Activity
Exact copies of the lines from the start of the records through the line with "Abstrakt Marble Guld" are what the answer must hold; pictures are not part of it.

Records for the exercise
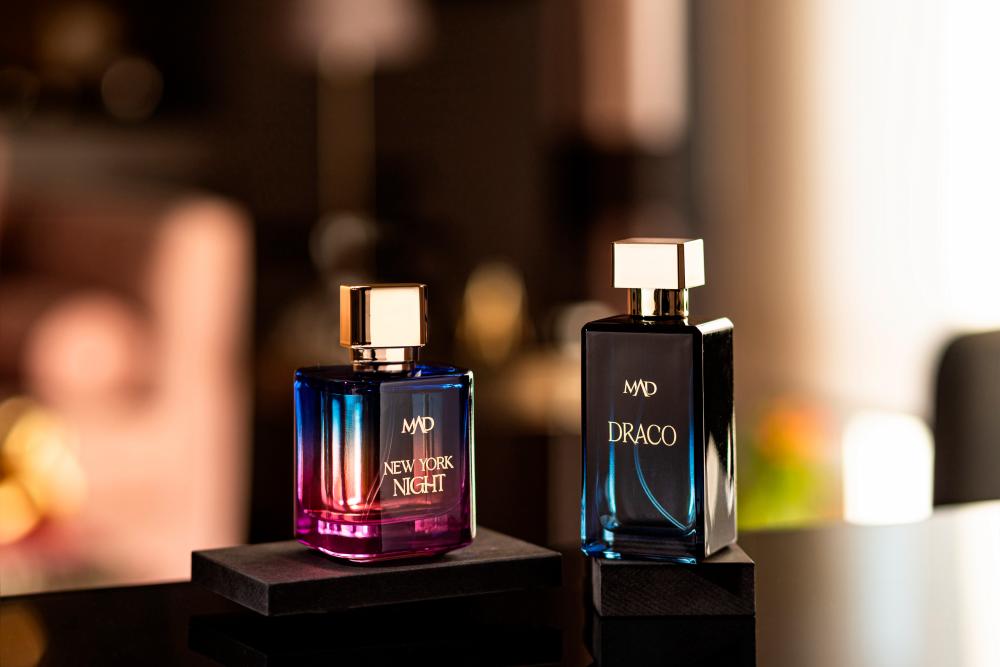 Two of MAD Parfumeur’s recent releases, New York Night (left) and Draco (right)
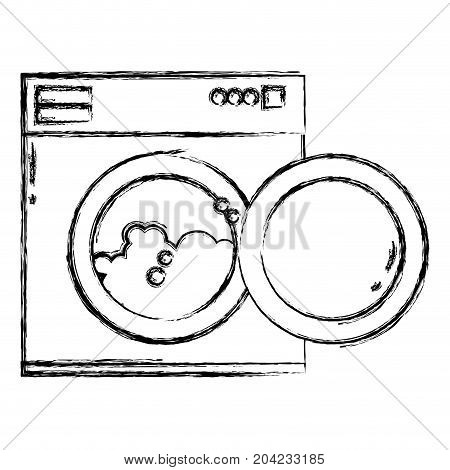 figure nice drayer machine technology to clean the clothes vector illustration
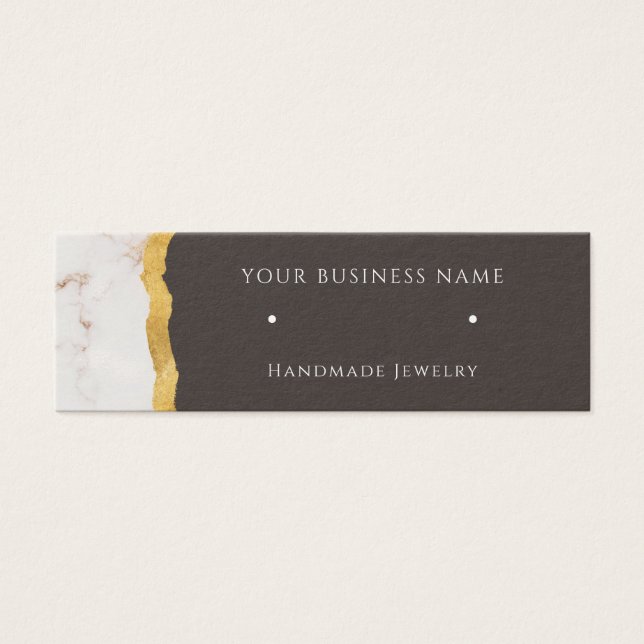 Abstrakt Marble Guld Stud Earring Visning Cards Litet Visitkort (Framsidan)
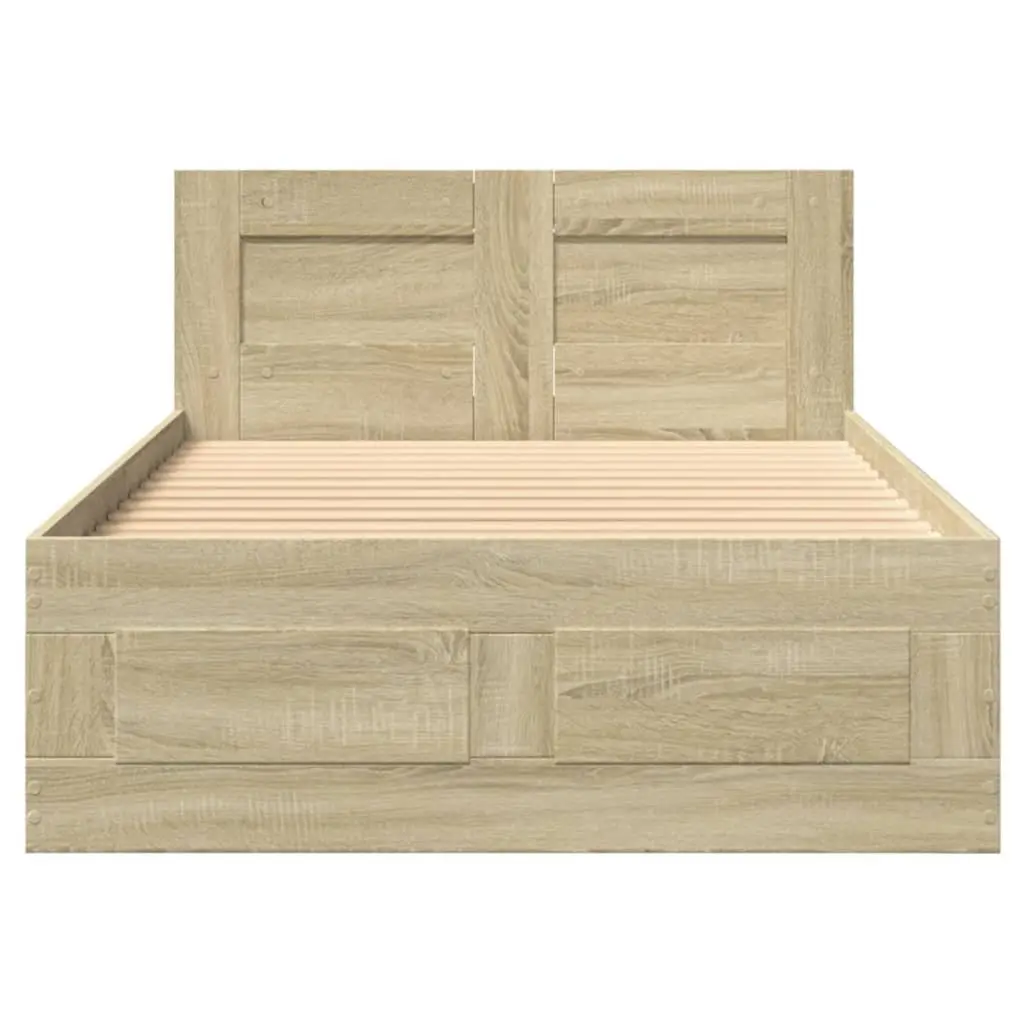 Bed Frame for Bedroom with Headboard and Storage Drawers 90 x 190 cm Brown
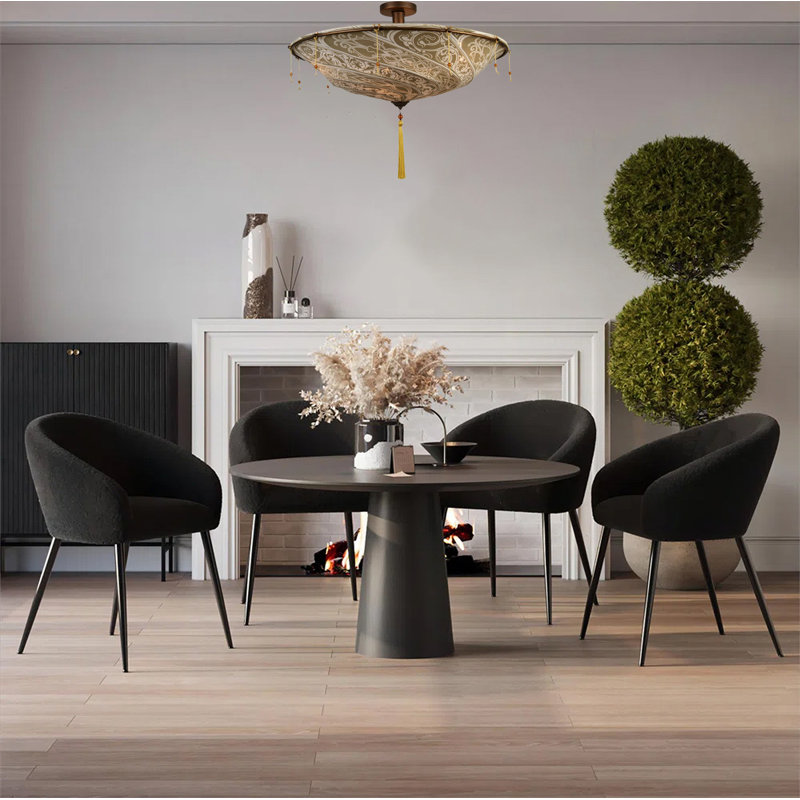 4-Light Brown Patterned Fabric Lighting Fixture
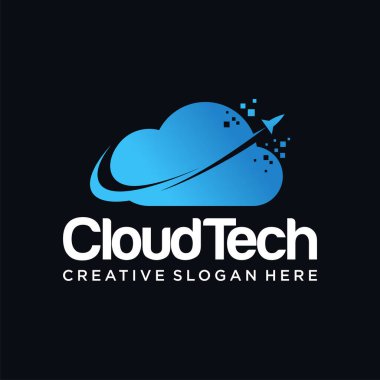 Cloud Tech Logosu Soyut Yaratıcı Bulut Logo vektör şablonu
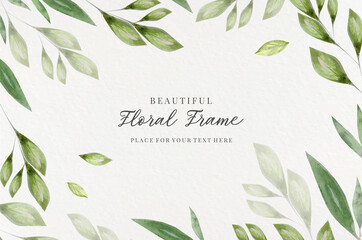 Beautiful flower floral watercolor frame, background. Place for your text. Leaves, nature, flowers with texture. 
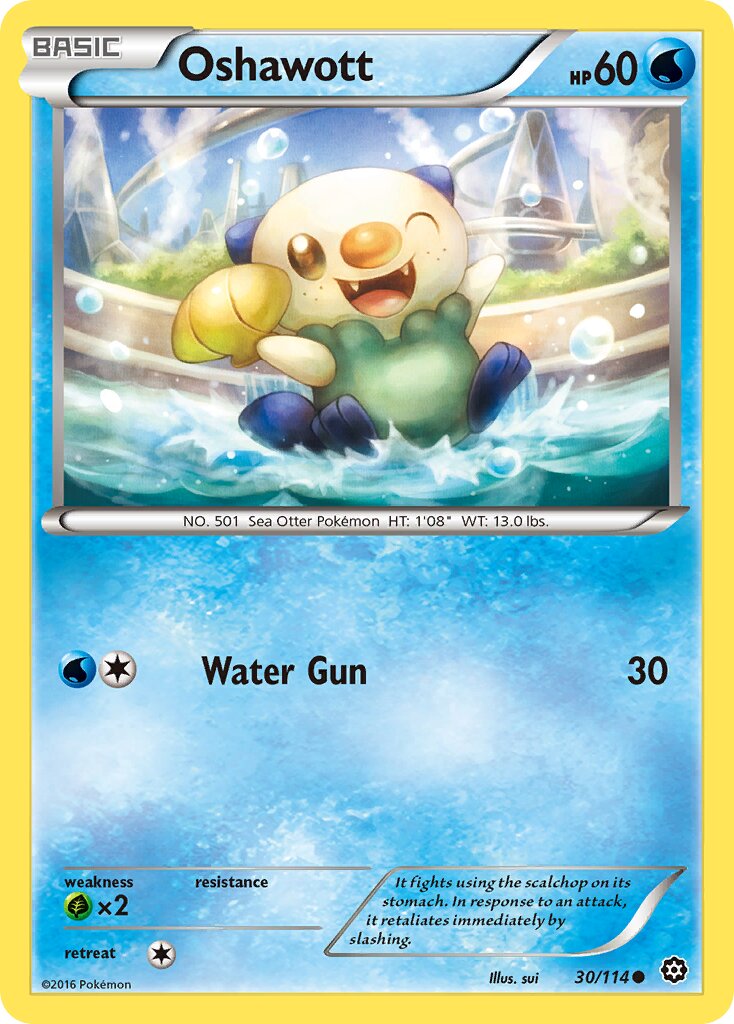 Oshawott 030/114 — Steam Siege (English Pokémon TCG card)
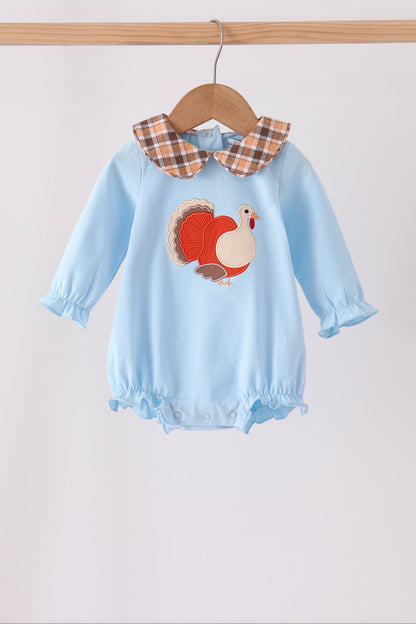 Blue turkey embroidery plaid ruffle bubble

Result below
 Two of MAD Parfumeur’s recent releases, New York Night (left) and Draco (right)
 figure nice drayer machine technology to clean the clothes vector illustration
 Abstrakt Marble Guld Stud Earring Visning Cards Litet Visitkort (Framsidan)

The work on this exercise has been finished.